**Exercise instructions**.
Print every entry word for word, but omit the pictures.

**Material for the task**.
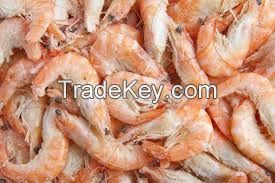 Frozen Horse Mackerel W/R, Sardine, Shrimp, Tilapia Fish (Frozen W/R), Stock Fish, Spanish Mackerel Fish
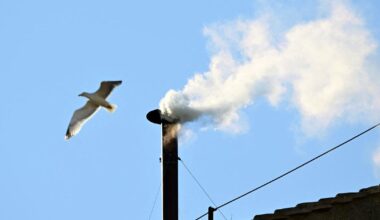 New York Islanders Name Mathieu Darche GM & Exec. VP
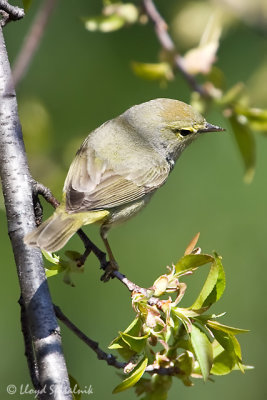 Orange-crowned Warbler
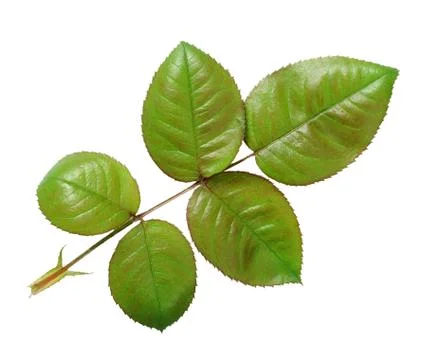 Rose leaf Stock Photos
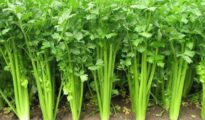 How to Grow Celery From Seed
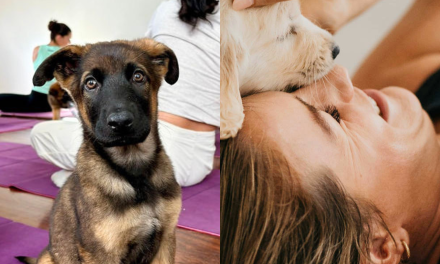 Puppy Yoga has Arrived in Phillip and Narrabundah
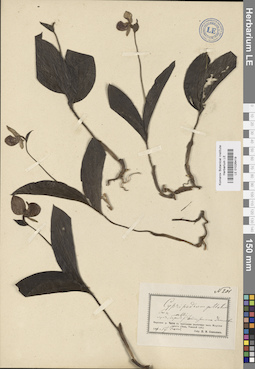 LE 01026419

**Task result**.
 Frozen Horse Mackerel W/R, Sardine, Shrimp, Tilapia Fish (Frozen W/R), Stock Fish, Spanish Mackerel Fish
 New York Islanders Name Mathieu Darche GM & Exec. VP
 Orange-crowned Warbler
 Rose leaf Stock Photos
 How to Grow Celery From Seed
 Puppy Yoga has Arrived in Phillip and Narrabundah
 LE 01026419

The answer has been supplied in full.